At this stage, we presume these well-pled facts to be true.[12]  By doing so, neither we nor the circuit court can properly conclude that Nichols failed to allege facts to support a claim of fraudulent concealment when her attorneys had a duty to inform her of their malpractice when they learned of it.[13]

            As Chief Judge Brandon Harrison presciently warned below, “Surely a client is not required to maintain a double layer of lawyers to ensure that the fiduciary responsibilities of the primary lawyer are being honored. (And is a third lawyer needed to ensure the second lawyer properly monitors the first one?
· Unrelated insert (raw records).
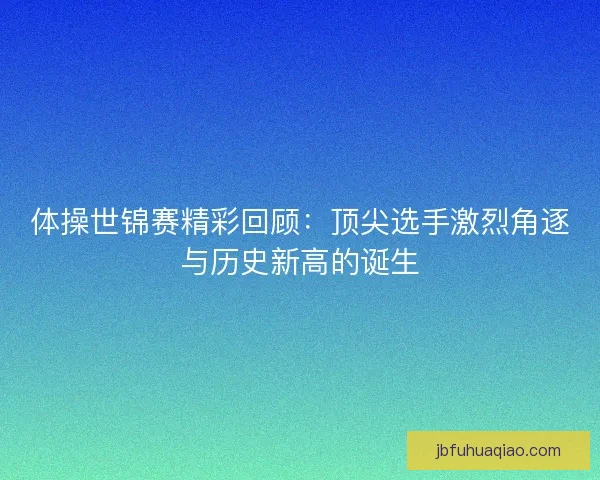 体操世锦赛精彩回顾：顶尖选手激烈角逐与历史新高的诞生
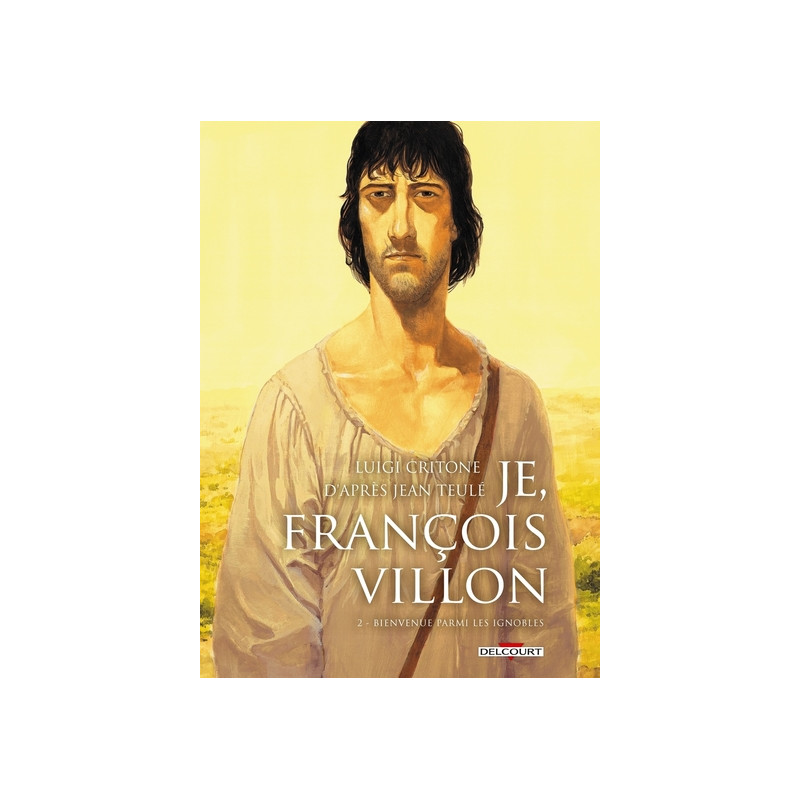 Je, François Villon T02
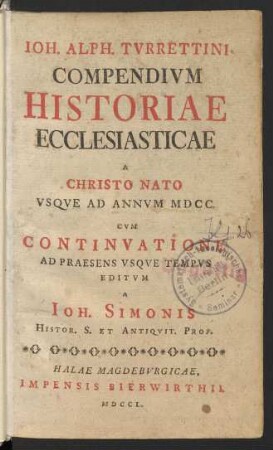 Ioh. Alph. Tvrrettini Compendivm Historiae Ecclesiasticae A Christo Nato Vsqve Ad Annvm MDCC. : Cvm Continvatione Ad Praesens Vsqve Tempvs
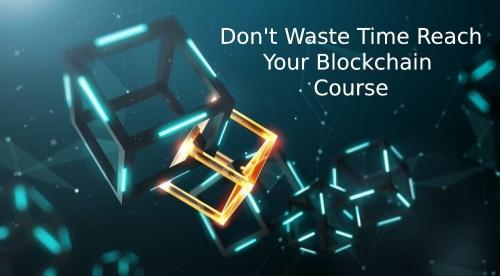 Don't Waste Time Reach Your Blockchain Course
And so on.”[14]  I share these concerns and worry that the majority has authored a playbook for attorneys to escape liability, cutting off innocent and unsuspecting clients from any chance at compensation they may be due.  I have no opinion on the merits of Nichols’s malpractice claim; that is for a jury to decide.  But because of today’s decision, Nichols will never have that opportunity. 

I respectfully dissent.

Wood and Webb, JJ., join.

Harry McDermott and Robert S. Tschiemer, for appellant.

Barber Law Firm, PLLC, by: G. Spence Fricke and Adam D. Franks, for separate appellee James Swindoll.



[1]In her amended complaint, Nichols asserts that the malpractice occurred in March 2018.  However, on appeal, Nichols states that the malpractice actually occurred on January 19, 2018. 

[2]The May 2019 malpractice claim was based on the Attorneys’ failure to serve her complaint on a named defendant. Below, Nichols asserted that despite informing her of the May 2019 malpractice, her Attorneys did not inform her of the January 2018 malpractice.

[3]We note that Swindoll takes the position that the statute of limitation for the malpractice claims expired on November 23, 2020.  However, Swindoll acknowledges that even if we apply the more generous date of January 19, 2021, Nichols’s malpractice claim is still time barred because it was not filed until February 2021. 

[4]Howard v. Nw. Ark. Surgical Clinic, P.A., 324 Ark. 375, 383, 921 S.W.2d 596, 600 (1996) (explaining that a physician “had an obvious professional, positive duty to speak if he knew he had negligently left a foreign object in his patient[,]” and his failure to do so amounted to fraudulent concealment).

 

[5]See id.

 

[6]Ward v. Worthen Bank & Tr. Co., 284 Ark. 355, 359, 681 S.W.2d 365, 368 (1984) (noting that “[f]ailure to speak is the equivalent of fraudulent concealment only in circumstances involving a confidential relationship when a duty to speak rises where one party knows another is relying on misinformation to his detriment”).

 

[7]Allen v. Allison, 356 Ark. 403, 415, 155 S.W.3d 682, 691 (2004). 

[8]Norfleet v. Stewart, 180 Ark. 161, 168, 20 S.W.2d 868, 870 (1929).

 

[9]See Ward, 284 Ark. at 359, 681 S.W.2d at 368.

 

[10]Section 20 cmt. c (2000 & Supp. 2021).

 

[11]Ark. R. Prof’l Conduct 1.4 cmt. 7. 

[12]Henson v. Cradduck, 2020 Ark. 24, at 4, 593 S.W.3d 10, 14.

 

[13]See Norfleet, 180 Ark. at 168, 20 S.W.2d at 870; see also Restatement (Third) of the Law Governing Lawyers § 20 cmt. c; see also Ark. R. Prof’l Conduct 1.4 cmt. 7. 

 

[14]Nichols v. Swindoll, 2022 Ark. App. 399, at 8 (Harrison, C.J., dissenting).